Впрочем, когда я говорил, что сегодня невозможно прочитать что-нибудь в жанре литературного исторического анекдота, я был не совсем прав. В этом жанре пробовали себя известный поэт и создатель бесценных документальных книг Феликс Чуев и литератор Светлана Светигор. Это говорит о живучести семени, посеянного Иваном Голиковым.
Белинский написал о нём: «Явись Голиков у англичан, французов, немцев, не было бы конца толкам о нём, не было бы счёта его биографиям». Счёта его биографиям нет до сей поры, потому что нет и самих биографий.
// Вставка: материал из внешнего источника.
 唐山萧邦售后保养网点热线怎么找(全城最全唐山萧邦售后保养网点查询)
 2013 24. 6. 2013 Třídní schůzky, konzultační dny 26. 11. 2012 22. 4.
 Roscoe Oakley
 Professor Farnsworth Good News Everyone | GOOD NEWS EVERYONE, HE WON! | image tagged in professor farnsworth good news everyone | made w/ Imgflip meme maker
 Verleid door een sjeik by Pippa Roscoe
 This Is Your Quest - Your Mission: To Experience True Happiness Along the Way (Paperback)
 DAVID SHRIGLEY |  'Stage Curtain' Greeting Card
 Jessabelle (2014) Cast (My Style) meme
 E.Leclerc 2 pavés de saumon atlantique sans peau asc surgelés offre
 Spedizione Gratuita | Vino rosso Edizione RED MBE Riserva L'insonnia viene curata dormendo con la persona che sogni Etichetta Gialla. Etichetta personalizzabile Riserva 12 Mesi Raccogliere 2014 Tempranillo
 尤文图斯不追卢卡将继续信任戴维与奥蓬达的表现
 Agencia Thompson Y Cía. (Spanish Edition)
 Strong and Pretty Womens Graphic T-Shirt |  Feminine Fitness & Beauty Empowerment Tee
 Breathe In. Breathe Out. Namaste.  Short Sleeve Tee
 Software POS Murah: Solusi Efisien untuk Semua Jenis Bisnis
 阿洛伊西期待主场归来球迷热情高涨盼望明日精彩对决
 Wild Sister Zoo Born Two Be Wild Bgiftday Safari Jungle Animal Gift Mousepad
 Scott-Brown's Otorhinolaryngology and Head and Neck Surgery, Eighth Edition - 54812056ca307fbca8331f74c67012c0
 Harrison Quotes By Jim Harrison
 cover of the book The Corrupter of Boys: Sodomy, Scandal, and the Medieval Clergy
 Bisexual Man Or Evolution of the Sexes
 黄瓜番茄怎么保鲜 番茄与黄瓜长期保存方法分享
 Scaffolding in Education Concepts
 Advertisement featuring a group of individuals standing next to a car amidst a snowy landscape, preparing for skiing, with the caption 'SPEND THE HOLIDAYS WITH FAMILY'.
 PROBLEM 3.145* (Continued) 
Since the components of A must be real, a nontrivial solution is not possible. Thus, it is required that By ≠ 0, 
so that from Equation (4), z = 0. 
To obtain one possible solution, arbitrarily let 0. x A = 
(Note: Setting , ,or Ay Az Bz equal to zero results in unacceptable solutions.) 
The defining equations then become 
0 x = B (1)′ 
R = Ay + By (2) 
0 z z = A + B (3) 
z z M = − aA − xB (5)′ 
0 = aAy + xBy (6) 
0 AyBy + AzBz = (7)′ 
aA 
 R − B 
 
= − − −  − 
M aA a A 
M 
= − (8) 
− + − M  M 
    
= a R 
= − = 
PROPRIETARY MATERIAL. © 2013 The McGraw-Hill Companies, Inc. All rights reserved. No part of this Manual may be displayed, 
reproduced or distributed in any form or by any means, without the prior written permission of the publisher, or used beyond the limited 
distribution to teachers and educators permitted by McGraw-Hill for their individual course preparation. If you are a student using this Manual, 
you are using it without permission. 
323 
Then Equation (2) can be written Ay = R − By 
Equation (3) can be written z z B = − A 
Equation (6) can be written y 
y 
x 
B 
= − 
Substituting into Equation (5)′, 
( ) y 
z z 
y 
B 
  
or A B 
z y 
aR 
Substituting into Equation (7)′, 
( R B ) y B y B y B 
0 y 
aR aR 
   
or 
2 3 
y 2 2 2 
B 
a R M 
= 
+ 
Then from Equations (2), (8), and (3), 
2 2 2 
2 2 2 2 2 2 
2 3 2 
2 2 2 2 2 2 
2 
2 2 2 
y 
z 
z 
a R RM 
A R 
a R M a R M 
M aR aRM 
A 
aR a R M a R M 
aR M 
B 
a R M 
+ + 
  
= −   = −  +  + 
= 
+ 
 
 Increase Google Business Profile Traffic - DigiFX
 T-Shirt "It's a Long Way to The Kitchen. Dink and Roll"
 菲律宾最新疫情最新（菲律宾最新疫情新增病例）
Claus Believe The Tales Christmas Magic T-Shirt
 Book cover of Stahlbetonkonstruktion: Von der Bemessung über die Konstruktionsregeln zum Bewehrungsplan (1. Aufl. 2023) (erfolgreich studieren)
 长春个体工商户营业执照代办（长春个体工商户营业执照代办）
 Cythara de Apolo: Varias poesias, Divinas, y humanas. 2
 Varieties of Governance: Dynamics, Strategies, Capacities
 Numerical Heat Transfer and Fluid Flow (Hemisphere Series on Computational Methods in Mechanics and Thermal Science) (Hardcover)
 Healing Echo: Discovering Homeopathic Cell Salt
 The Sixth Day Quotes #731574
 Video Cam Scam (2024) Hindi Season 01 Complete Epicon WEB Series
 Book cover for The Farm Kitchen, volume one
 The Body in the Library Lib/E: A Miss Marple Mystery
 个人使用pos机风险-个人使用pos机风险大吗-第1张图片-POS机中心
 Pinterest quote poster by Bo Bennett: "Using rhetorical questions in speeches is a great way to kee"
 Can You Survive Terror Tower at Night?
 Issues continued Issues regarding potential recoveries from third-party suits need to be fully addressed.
Потому тут надо бы сказать о нём подробней.
Русская даровитая натура всегда деликатна. Это принимается за слабость. Творческая робость перед чистым листом бумаги – за недостаток дарования. Уважение к слову – за отсутствие живости.
Голиков уважал литературное слово до самоуничижения. Его восторг перед типографским шрифтом был почти детским. Но это только говорит о его здоровой неиспорченной сути. Это мы теперь знаем, что напечатанное слово в большинстве случаев покрывает ложь. И как не позавидовать счастью того читателя, который верил когда-то в святость печатного слова. Таким читателем был Иван Голиков. И потому ему надо было долго принуждать себя, чтобы сделать решительный шаг в литературу.
Он долго готовился к этому. Сделал его, когда исполнилось ему уже пятьдесят три года. Похоже, им до того была накоплена некая критическая творческая масса, которая просто взорвалась. Повторю, за семь лет – тридцать объёмистых томов. Мог ли что-нибудь подобное вообразить себе тогдашний Гиннес, если бы он был уже?
Творческий человек постоянно голоден на успех. Голикова эти годы насытили полным и чрезвычайным признанием. Думаю, он сильно тешил своё авторское самолюбие, когда писал слова в одном из предисловий к очередному своему тому: «Книга моя по счастию толико полюбилась обществу, что ни одна ещё так скоро не раскупалась, как моя, и, сколько мне известно, то весьма ещё недоставало оныя к удовольствию всех».
Андрей Болотов, человек-инструмент, некая божья дудка, через которую пропела себя та эпоха, назвал чтение книг Голикова «весёлым». Это не потому, что книги были смешны. Это потому, что они и тогда и до сей поры, дают нам редкое теперь наслаждение быть читателем.